• [WHAT NEEDS TO BE DONE] Please restate verbatim the lines that open the listing below, ending with the line in which "Used 2015 MAZDA" occurs.
========================================
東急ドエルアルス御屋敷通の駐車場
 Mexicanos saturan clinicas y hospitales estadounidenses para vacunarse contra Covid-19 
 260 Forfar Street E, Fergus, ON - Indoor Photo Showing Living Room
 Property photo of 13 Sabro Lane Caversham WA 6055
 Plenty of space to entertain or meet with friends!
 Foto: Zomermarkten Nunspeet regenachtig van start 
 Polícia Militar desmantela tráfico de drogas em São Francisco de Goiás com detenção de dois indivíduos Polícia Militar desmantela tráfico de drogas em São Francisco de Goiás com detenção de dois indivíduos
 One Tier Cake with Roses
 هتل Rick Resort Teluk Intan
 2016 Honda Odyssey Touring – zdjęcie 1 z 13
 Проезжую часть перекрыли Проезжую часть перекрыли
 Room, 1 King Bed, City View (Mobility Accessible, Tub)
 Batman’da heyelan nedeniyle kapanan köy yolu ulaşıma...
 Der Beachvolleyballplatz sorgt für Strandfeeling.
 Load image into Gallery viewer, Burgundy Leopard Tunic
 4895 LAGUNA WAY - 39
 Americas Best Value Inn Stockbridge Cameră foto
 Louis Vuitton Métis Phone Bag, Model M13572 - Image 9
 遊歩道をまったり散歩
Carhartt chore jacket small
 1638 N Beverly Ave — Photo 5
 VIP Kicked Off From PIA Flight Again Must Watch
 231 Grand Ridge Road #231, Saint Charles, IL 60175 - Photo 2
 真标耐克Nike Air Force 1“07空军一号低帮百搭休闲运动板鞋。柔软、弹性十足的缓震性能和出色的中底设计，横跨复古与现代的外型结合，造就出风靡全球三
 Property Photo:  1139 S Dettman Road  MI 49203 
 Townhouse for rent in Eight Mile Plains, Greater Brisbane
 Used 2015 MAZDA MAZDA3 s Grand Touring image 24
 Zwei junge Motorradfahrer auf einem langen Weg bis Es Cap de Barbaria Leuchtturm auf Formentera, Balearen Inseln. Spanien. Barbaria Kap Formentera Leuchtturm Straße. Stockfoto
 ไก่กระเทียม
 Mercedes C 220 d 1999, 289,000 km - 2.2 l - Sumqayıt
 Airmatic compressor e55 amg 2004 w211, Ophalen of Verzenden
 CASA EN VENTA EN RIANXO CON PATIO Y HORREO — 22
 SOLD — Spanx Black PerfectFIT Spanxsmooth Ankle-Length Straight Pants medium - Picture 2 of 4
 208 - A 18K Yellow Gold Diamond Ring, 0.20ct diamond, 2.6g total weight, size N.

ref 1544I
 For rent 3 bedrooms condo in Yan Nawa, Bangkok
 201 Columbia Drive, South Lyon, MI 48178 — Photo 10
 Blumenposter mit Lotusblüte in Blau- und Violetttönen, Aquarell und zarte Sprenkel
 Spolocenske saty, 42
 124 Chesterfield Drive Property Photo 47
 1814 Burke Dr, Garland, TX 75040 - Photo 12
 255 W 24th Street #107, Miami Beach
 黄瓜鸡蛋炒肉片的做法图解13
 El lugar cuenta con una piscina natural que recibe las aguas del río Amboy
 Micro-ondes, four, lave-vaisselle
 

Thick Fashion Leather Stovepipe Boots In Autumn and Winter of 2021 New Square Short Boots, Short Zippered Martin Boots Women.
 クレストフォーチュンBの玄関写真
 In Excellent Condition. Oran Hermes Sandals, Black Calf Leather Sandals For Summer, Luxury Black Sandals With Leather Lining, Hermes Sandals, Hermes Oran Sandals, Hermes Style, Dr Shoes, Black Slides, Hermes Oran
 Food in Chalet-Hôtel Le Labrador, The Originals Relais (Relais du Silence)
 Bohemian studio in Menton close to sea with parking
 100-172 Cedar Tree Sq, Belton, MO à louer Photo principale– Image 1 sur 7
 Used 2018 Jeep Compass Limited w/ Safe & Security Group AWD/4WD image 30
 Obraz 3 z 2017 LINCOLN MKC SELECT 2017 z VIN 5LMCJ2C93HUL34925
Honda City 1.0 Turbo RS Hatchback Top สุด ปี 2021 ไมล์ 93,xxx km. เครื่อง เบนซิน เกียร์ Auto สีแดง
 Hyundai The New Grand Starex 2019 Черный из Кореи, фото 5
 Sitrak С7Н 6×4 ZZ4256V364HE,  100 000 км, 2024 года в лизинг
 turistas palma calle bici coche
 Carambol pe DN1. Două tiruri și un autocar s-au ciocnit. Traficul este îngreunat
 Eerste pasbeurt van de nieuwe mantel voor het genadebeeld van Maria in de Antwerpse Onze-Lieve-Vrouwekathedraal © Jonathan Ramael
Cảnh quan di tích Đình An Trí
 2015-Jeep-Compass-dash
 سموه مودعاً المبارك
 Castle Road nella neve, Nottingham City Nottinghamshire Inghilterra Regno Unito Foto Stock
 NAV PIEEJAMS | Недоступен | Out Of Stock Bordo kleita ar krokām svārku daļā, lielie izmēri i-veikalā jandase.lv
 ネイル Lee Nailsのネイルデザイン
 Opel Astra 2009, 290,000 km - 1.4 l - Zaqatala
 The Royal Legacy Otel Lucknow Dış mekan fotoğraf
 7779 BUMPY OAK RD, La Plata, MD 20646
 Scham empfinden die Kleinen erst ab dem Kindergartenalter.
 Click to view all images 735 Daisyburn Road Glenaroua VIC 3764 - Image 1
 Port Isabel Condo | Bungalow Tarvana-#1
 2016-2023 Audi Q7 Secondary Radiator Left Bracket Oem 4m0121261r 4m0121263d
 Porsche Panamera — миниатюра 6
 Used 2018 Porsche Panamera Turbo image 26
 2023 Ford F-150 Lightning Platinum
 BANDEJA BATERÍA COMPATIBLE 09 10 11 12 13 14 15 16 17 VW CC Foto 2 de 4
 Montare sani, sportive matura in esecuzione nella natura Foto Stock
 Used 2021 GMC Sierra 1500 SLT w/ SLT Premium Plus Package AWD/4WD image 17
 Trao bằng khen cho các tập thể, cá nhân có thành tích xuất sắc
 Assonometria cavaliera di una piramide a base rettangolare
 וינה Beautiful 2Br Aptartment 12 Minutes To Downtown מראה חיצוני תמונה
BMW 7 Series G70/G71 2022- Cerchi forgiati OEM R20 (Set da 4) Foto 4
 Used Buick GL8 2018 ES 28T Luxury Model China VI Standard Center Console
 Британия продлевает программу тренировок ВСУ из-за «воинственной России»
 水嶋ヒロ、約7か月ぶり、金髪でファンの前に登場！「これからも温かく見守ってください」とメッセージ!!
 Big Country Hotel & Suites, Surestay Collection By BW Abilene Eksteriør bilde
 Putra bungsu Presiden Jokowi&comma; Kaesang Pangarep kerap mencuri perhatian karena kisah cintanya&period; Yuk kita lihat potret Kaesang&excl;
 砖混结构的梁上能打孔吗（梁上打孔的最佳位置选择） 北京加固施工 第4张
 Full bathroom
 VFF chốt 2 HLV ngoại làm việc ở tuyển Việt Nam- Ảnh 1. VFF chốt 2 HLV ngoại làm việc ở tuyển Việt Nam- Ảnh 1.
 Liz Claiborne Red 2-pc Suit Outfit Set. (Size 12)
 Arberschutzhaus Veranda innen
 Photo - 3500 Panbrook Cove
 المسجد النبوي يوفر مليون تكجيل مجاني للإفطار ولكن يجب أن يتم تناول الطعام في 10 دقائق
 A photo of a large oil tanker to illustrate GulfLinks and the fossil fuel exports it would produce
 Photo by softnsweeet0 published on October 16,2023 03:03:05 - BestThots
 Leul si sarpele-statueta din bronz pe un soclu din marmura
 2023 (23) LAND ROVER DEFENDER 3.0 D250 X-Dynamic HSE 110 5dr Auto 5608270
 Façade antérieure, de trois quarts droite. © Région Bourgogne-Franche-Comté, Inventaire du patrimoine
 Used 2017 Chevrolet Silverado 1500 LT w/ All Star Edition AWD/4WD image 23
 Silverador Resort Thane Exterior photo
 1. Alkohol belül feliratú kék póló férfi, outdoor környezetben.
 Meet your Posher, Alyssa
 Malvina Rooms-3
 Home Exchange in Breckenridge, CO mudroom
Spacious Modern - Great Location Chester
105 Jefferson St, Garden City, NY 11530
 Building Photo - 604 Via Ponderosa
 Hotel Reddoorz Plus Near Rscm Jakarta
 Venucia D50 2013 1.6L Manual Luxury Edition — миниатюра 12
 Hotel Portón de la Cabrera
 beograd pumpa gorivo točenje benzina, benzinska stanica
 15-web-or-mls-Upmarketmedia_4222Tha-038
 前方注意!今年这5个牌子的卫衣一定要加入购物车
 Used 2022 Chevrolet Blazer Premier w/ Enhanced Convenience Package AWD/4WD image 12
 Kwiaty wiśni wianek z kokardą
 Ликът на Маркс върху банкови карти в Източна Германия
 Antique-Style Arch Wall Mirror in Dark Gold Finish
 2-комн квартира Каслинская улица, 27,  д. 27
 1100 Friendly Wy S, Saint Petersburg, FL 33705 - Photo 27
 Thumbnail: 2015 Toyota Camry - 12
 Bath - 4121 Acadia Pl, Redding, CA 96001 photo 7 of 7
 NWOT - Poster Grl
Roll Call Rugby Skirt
========================================
• [OUTPUT FOR THIS TASK]
東急ドエルアルス御屋敷通の駐車場
 Mexicanos saturan clinicas y hospitales estadounidenses para vacunarse contra Covid-19 
 260 Forfar Street E, Fergus, ON - Indoor Photo Showing Living Room
 Property photo of 13 Sabro Lane Caversham WA 6055
 Plenty of space to entertain or meet with friends!
 Foto: Zomermarkten Nunspeet regenachtig van start 
 Polícia Militar desmantela tráfico de drogas em São Francisco de Goiás com detenção de dois indivíduos Polícia Militar desmantela tráfico de drogas em São Francisco de Goiás com detenção de dois indivíduos
 One Tier Cake with Roses
 هتل Rick Resort Teluk Intan
 2016 Honda Odyssey Touring – zdjęcie 1 z 13
 Проезжую часть перекрыли Проезжую часть перекрыли
 Room, 1 King Bed, City View (Mobility Accessible, Tub)
 Batman’da heyelan nedeniyle kapanan köy yolu ulaşıma...
 Der Beachvolleyballplatz sorgt für Strandfeeling.
 Load image into Gallery viewer, Burgundy Leopard Tunic
 4895 LAGUNA WAY - 39
 Americas Best Value Inn Stockbridge Cameră foto
 Louis Vuitton Métis Phone Bag, Model M13572 - Image 9
 遊歩道をまったり散歩
Carhartt chore jacket small
 1638 N Beverly Ave — Photo 5
 VIP Kicked Off From PIA Flight Again Must Watch
 231 Grand Ridge Road #231, Saint Charles, IL 60175 - Photo 2
 真标耐克Nike Air Force 1“07空军一号低帮百搭休闲运动板鞋。柔软、弹性十足的缓震性能和出色的中底设计，横跨复古与现代的外型结合，造就出风靡全球三
 Property Photo:  1139 S Dettman Road  MI 49203 
 Townhouse for rent in Eight Mile Plains, Greater Brisbane
 Used 2015 MAZDA MAZDA3 s Grand Touring image 24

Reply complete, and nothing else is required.